From Throughput to Truth: What Kafka Taught Me About System Health
Scaling exposed something deeper than bugs—it exposed misunderstanding. From resource requests to Kafka lag, the real challenge wasn’t fixing the system, it was learning how to read it.
Problems weren’t bugs, they were misunderstandings of the platform.
There’s a point in building a distributed system where everything seems like it’s working.
Messages are flowing. Services are processing. Data is being produced.
And then you scale it.
That’s when things start to feel… unpredictable.
Not because the system is broken, but because your understanding of it is incomplete.
What I’ve been learning recently while working on a Kafka-based, microservices-driven platform in Kubernetes is this:
The system wasn’t lying to me.
I just didn’t yet understand what it was saying.
Requests Aren’t Minimums They’re Promises
One of the more subtle (and painful) lessons came from how we were configuring CPU and memory in Kubernetes.
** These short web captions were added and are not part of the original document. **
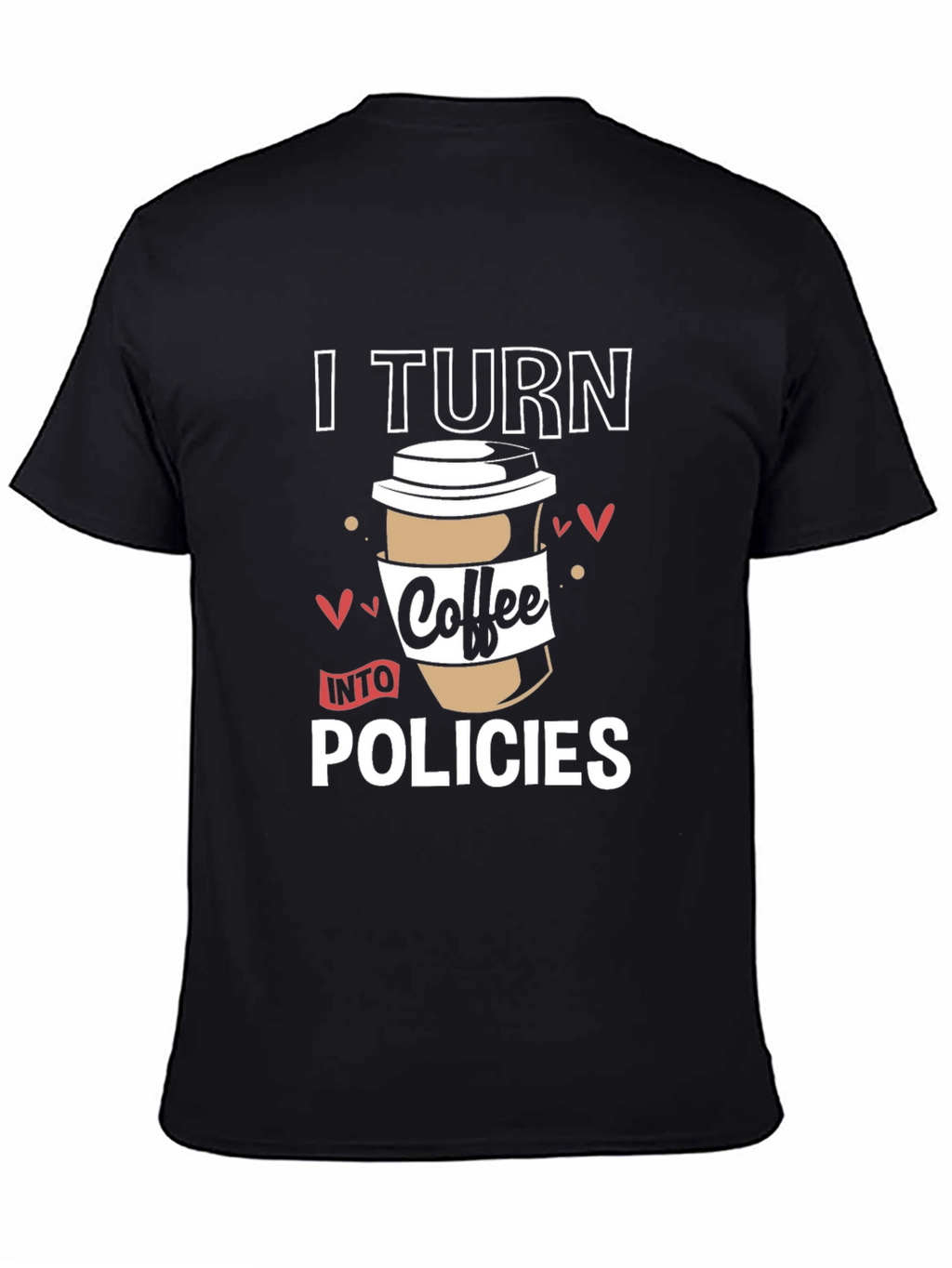 I Turn Coffee Into Policies Graphic T-Shirt
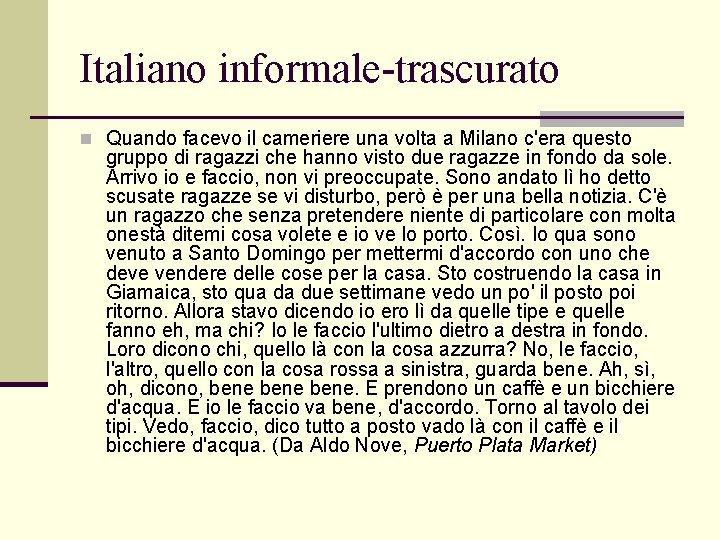 Italiano informale-trascurato n Quando facevo il cameriere una volta a Milano c'era questo gruppo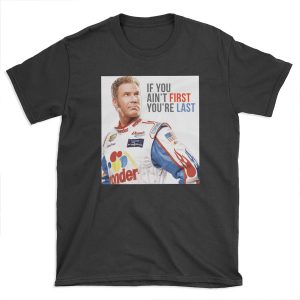 Will Ferrell Talladega Nights Ricky Bobby "If You Ain't First You're Last" T-shirt Tee
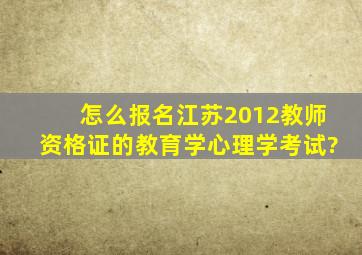 怎么报名江苏2012教师资格证的教育学心理学考试?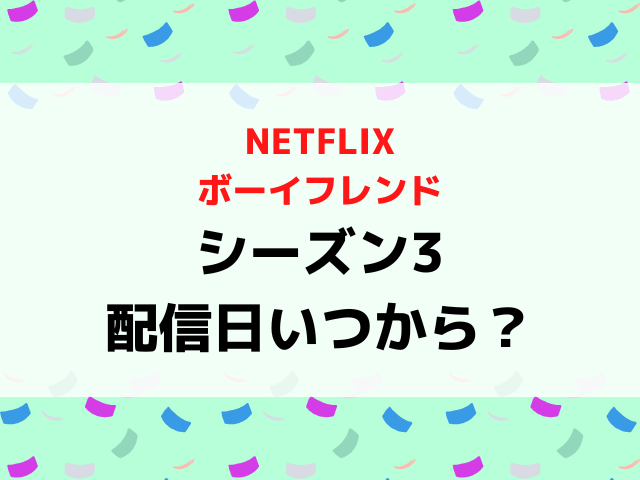 ボーイフレンドシーズン3ある？配信日いつからか募集や撮影期間から配信スケジュールを徹底予想！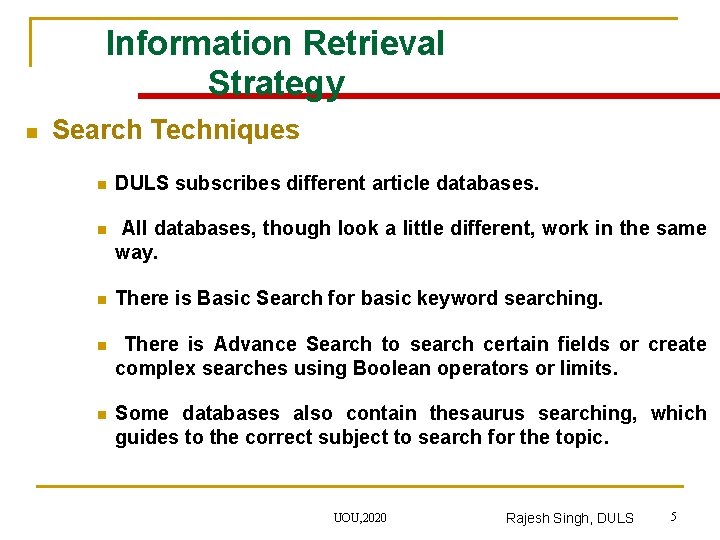 n Information Retrieval Strategy Search Techniques n DULS subscribes different article databases. n All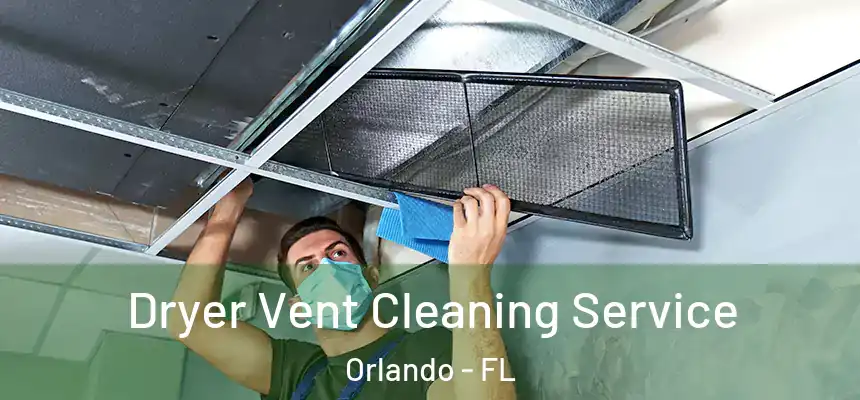 Dryer Vent Cleaning Service Orlando - FL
At first, it felt intuitive to treat resource requests as the minimum needed to get a service running:
“If it can start with this, we’re good.”
That assumption turned out to be wrong.
We had situations where replicas were scheduled onto nodes that technically had enough available memory based on those low requests. Everything looked fine at startup. But once the service began doing real work, memory usage increased (because of course it did) and suddenly there wasn’t enough available capacity on the node.
The result: crashes. Instability. Confusion.
Kubernetes didn’t fail us, we gave it bad information.
Requests aren’t about the minimum required to start. They are signals to the scheduler about what a service actually needs to run normally. If that signal is wrong, the scheduler makes perfectly logical decisions based on bad assumptions.
The real shift was this:
Requests should reflect expected steady-state usage, not minimum viability.
Once that clicked, placement became more predictable, and stability followed.
Observability Turns Chaos into Causality
Before proper monitoring is in place, distributed systems feel chaotic.
You see CPU spikes. Memory usage fluctuates. Errors appear in logs. But everything feels disconnected.
Each issue looks like its own isolated problem.
Once you introduce proper tracing and aggregated logging, that changes completely.
You start to see:
- how a single action moves across Kafka topics via events
- how that event is picked up and processed by different services
- how work is split across multiple replicas of the same service
- how one failure propagates through the system
In a Kafka-based system, a single “action” isn’t contained in one place. It might start as a message in one topic, get transformed and published to another, and be processed by multiple services; each potentially running several replicas.
Without the ability to trace that flow end-to-end, you’re left guessing.
Aggregated logging becomes essential here. When you have multiple replicas of the same service, logs are scattered across pods. A single action might touch several of them, and without a centralized way to search across all replicas, you can’t reconstruct what actually happened.
You don’t just need logs, you need to be able to correlate them.
Without that, every failure looks isolated.
With it, you can follow a single action across topics, services, and replicas, and finally see cause and effect.
In a system built around Kafka and micro-services, this isn’t optional, it’s foundational.
A distributed system without traceability is indistinguishable from randomness.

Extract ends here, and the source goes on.